[WikiEN-l] Getting rid of bad fair use

Ray Saintonge saintonge at telus.net
Sun May 21 06:23:49 UTC 2006


Fastfission wrote:

>On 5/19/06, Anthony DiPierro <wikilegal at inbox.org> wrote:
>  
>
>>Interesting.  I tried looking this up, because hey, if it's repeated
>>over and over it shouldn't be hard to find.  The first Google hit I
>>found was http://www.eff.org/cafe/gross1.html - Understanding Your
>>Rights:  The Public's Right of Fair Use.  But I guess the EFF has no
>>clue what they're talking about.
>>    
>>
>If you want to play "find the source", we can do that, but I don't see
>the value in it.
>
WP:V is not binding on the mailing list, but it sure helps.

>"Fair Use is not a right...it is a defense to an infringement claim"
>http://library.case.edu/copyright/fairuse.html
>"Another way of putting this is that fair use is a defense against
>infringement." http://fairuse.stanford.edu/Copyright_and_Fair_Use_Overview/chapter9/9-a.html
>
>Anyway, I was just trying to explain the origin of the terminology and
>what was meant by it. Yes, some groups consider it a "right", but
>since you cannot sue somebody for infringing upon your "fair use
>rights", it is a pretty empty designation, IMO.
>
The first of those references does indeed say that fair use is not a 
right, but not the second.  Nobody is disputing that it is a defence.

Your argument that a right depends on being able to institute a court 
action as plaintiff seems very weak.  For me what supports a right is 
its statutory expression.  I think you are confusing between a right and 
the enforcement of that right.  For many rights a survey of the cases is 
likely to determine that the person proclaiming the right is the 
defendant.  We exercise free speech by saying what we want to say until 
someone objects and hauls us into court.  We don't go to the national 
censor asking for permission to publish.  (In countries where that 
permission is needed free speech may not be a right after all.)  Can you 
cite cases where the claimant to free speech was the plaintiff?

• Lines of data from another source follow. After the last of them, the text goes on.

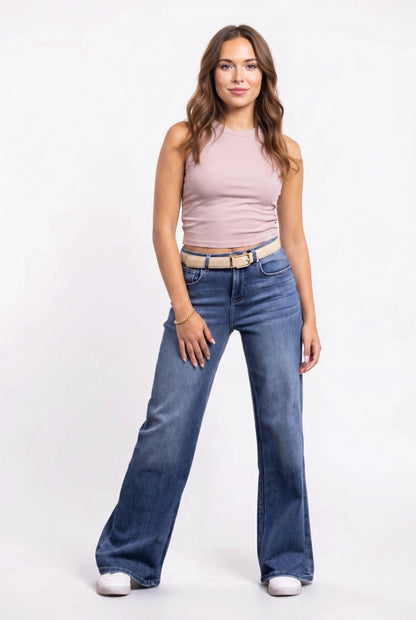 The Shelby High-Rise Wide Leg Tummy Control Jeans- Three Inseams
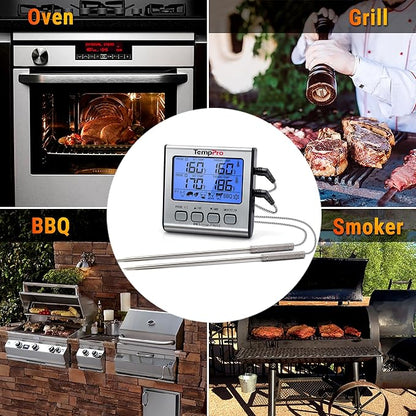 TempPro TP17 Dual Probe Digital Cooking Meat Thermometer Large LCD Backlight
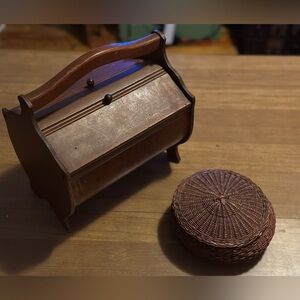 Vintage Wooden Sewing Caddy and Sewing Basket
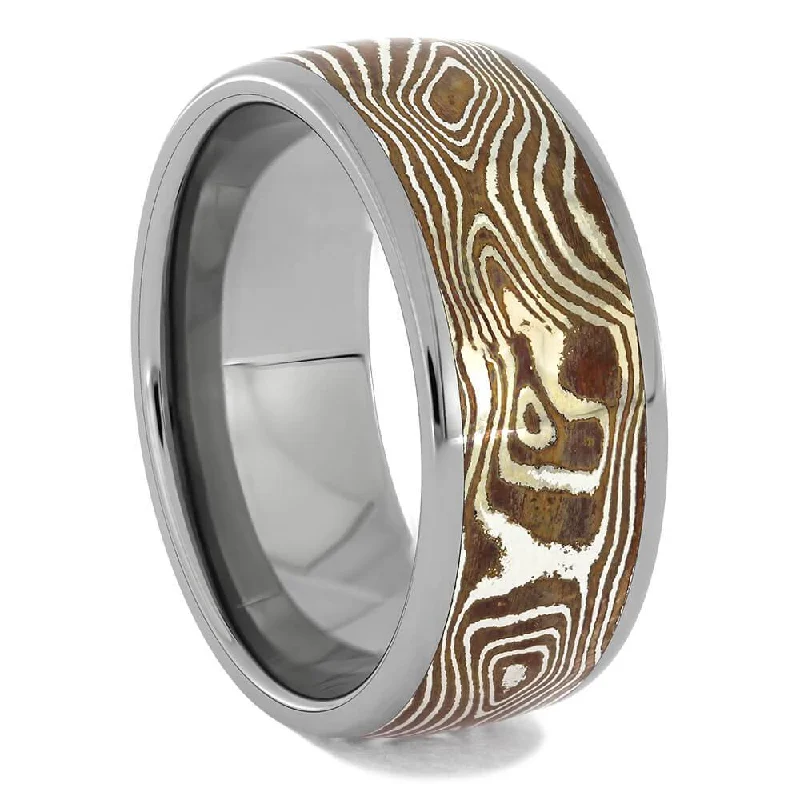 Men's Patinaed Copper Silver Mokume Gane Ring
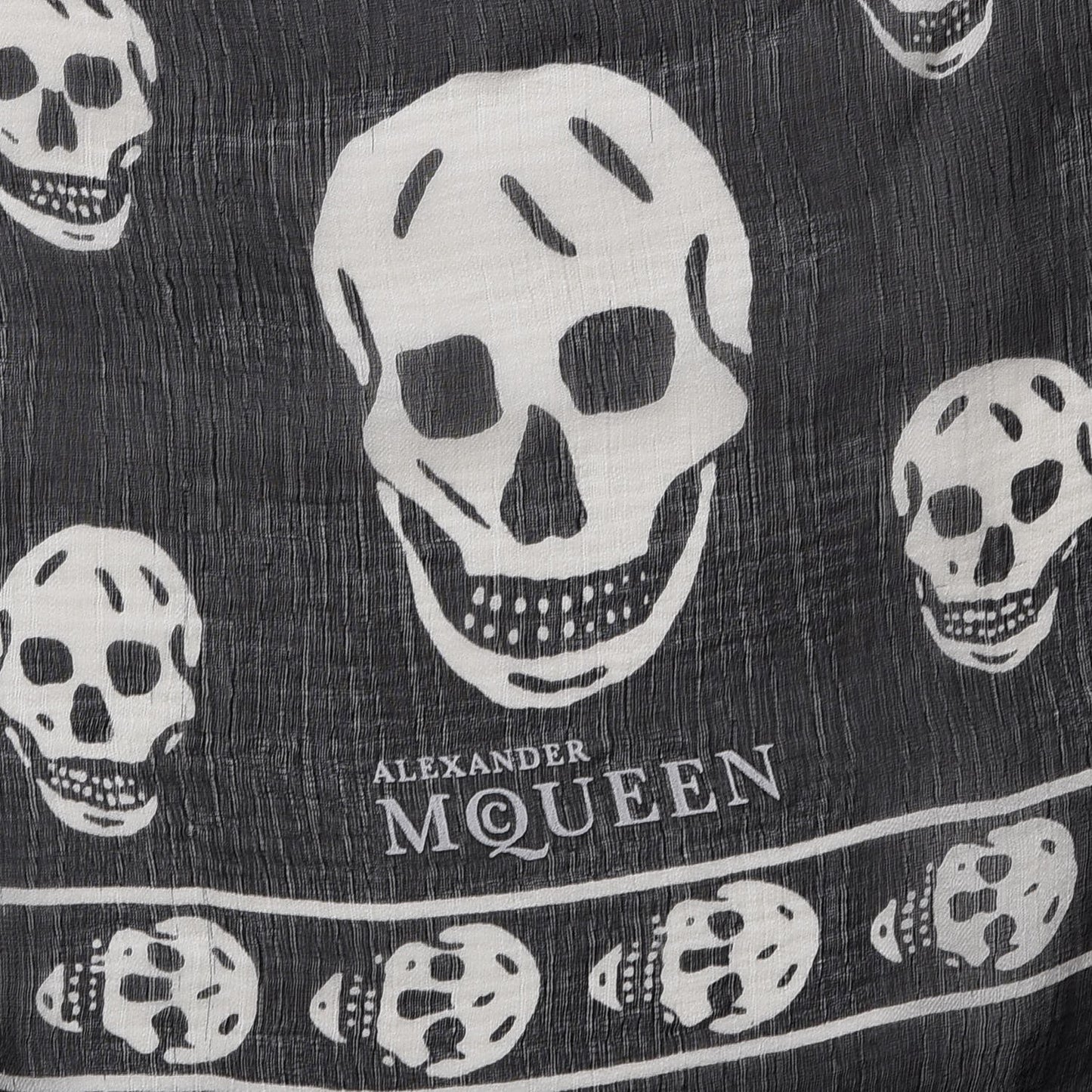 Silk Chiffon Skull Scarf Black Ivory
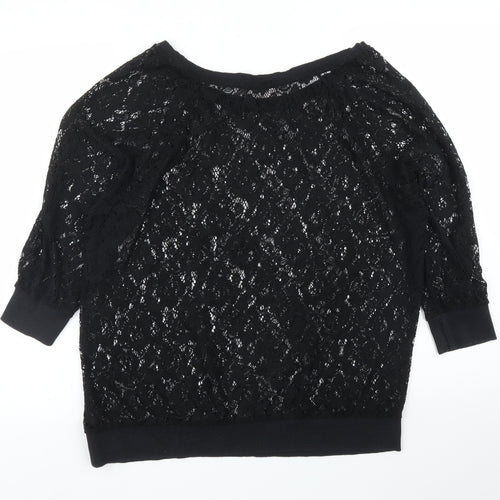 NEXT Womens Black Floral  Pullover Jumper Size 12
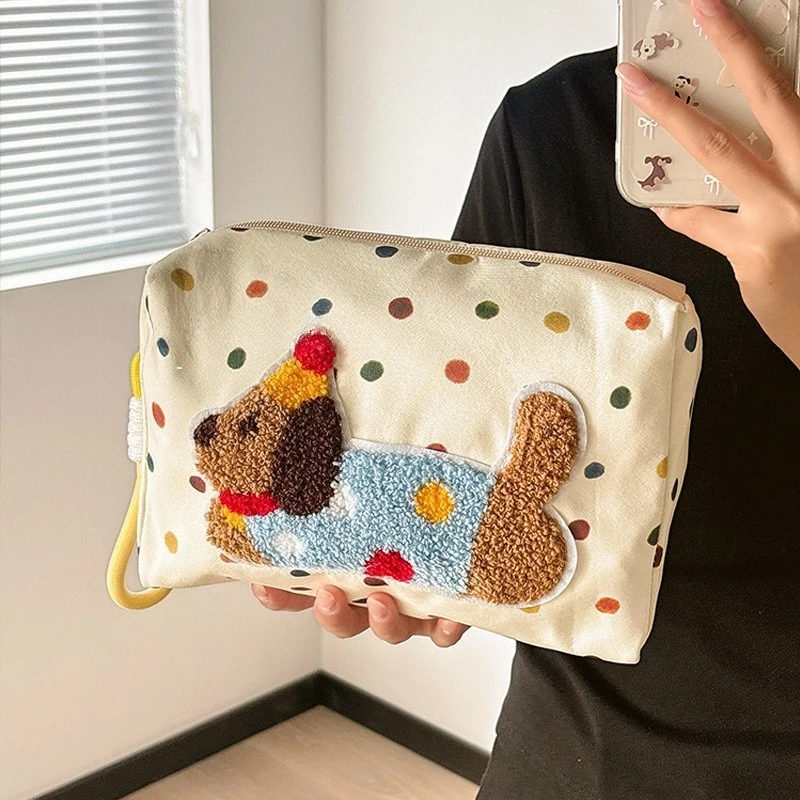 جديد لطيف جرو نمط قماش حقيبة أدوات الزينة سعة كبيرة السفر منظم أدوات التجميل المرأة المحمولة مخزن للمكياج الحقيبة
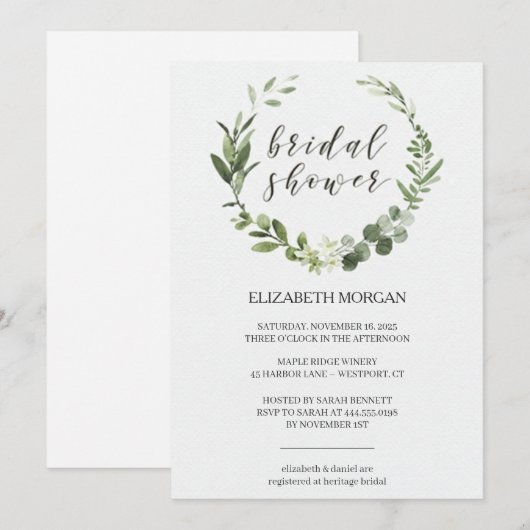 Pastel Bouquet Bridal Shower Invitation Floral Kaart (Voorkant / Achterkant)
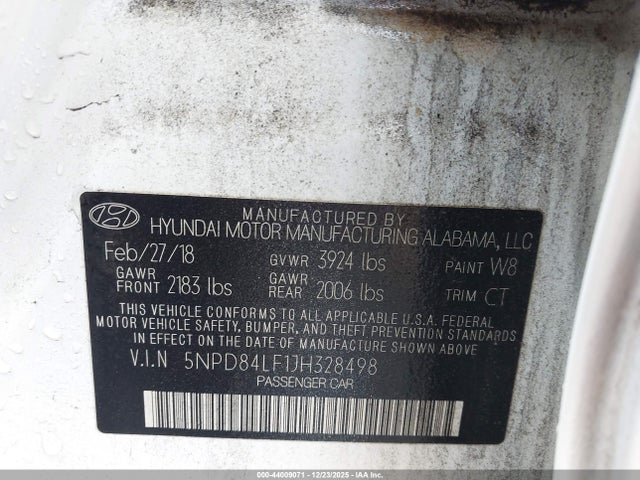 Продаж на аукціоні авто 2018 Hyundai Elantra Sel, vin: 5NPD84LF1JH328498, номер лоту: 44009071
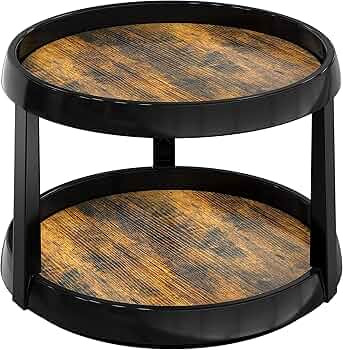 Simple Houseware 2 Tier Turntable Lazy Susan Multifunctional Organizer, Rustic Brown | Amazon (US)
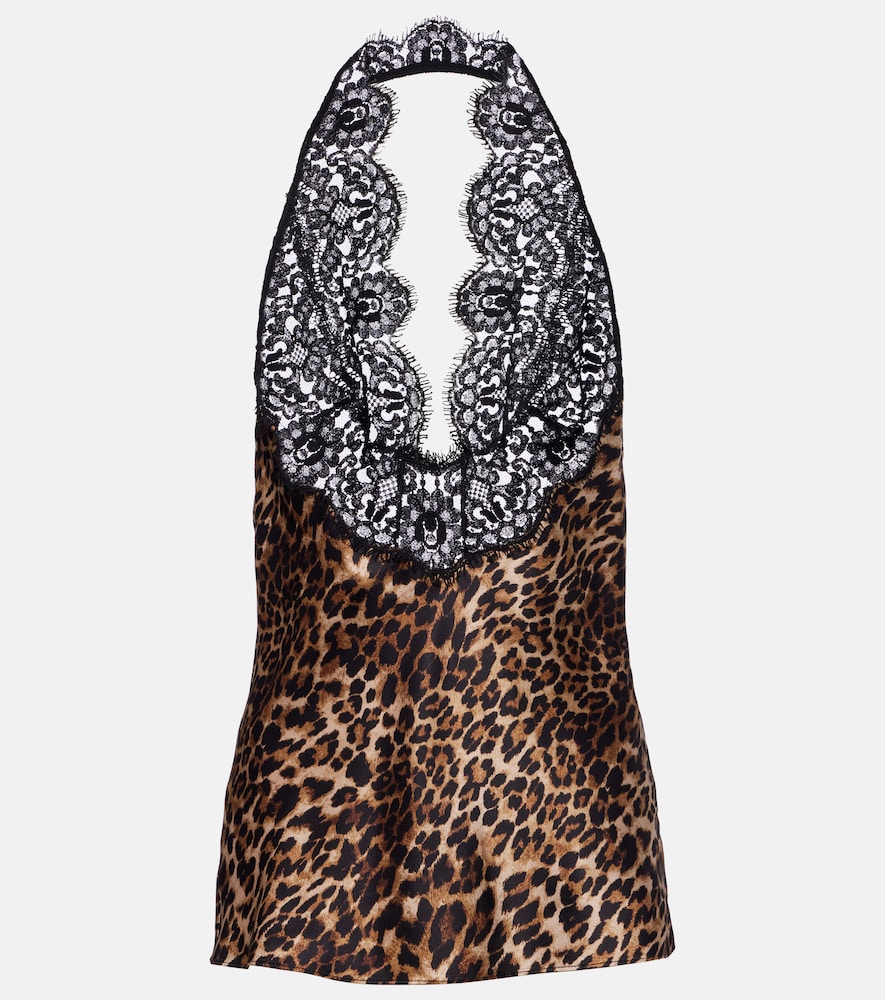 Nili Lotan Teo leopard-print silk satin top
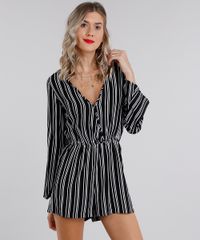 Macaquinho-Feminino-Listrado-Decote-V-Manga-Longa-Preto-9108676-Preto_1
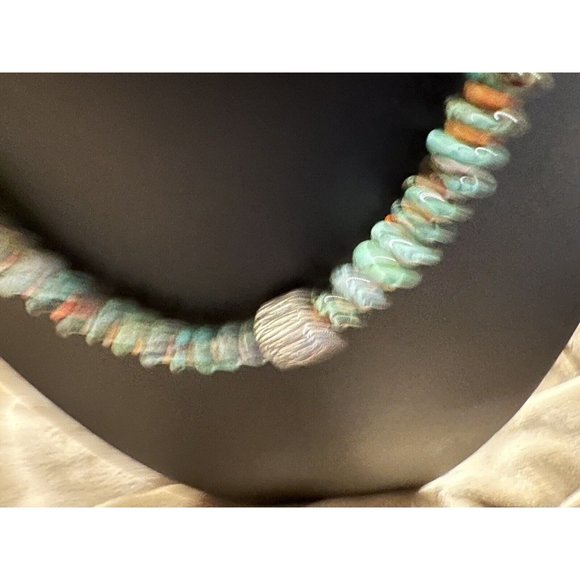 Sterling Silver Turquoise Spiny Oyster Beaded Disc Statement Necklace 20” - Picture 6 of 9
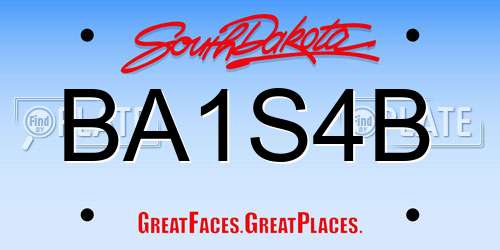 BA1S4B South Dakota License Plate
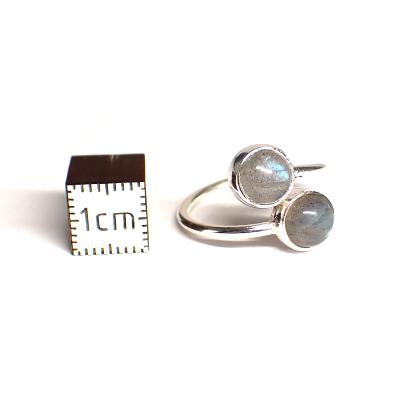 Labradorite Bague réglable en Argent Ronde double BG1B Choix n°3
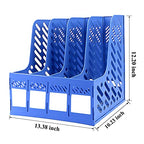 Buy now Sturdy Magazine File Book PP Holder Desk Organizer for Office Organization and Storage with Compartments Storage Organizer 4C Blue-Strip at indiglob india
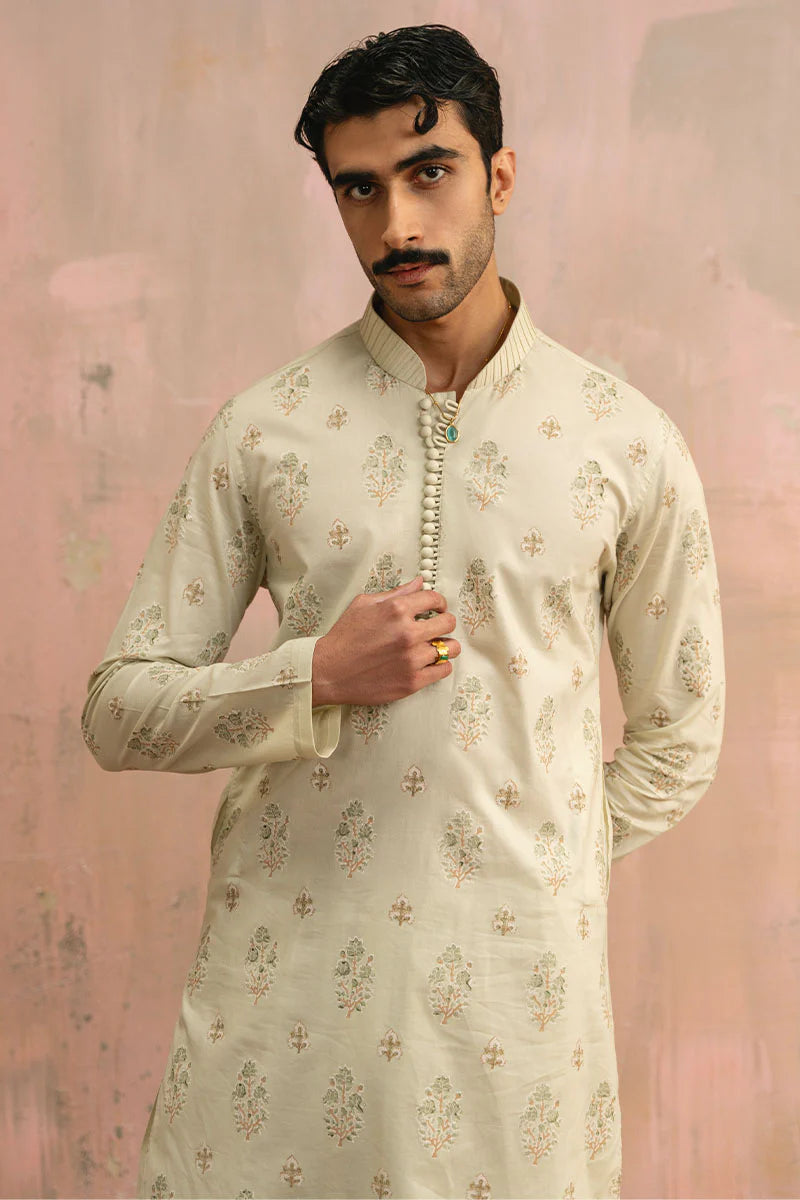 Mint Green Block Printed Kurta Shalwar | REPUBLIC MENSWEAR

>>Anyway, actual written publications are a better search.  But
>>books.google gives me "Fair use is the right to use copyrighted
>>material..."  "Under the right of fair use..."  "But the precious fair
>>use right is under attack today..."
>>    
>>
>Yes, and a search for "fair use is a defense" will come up with a
>number of law textbooks too, i.e.:
>
>"It's important to understand that fair use is a defense rather than
>an affirmative
>right."
>"...fair use is a defense against charges of infringement, not an
>affirmative right possessed by members of the public."
>
OK.  So it's a defensive right, but a right nonetheless.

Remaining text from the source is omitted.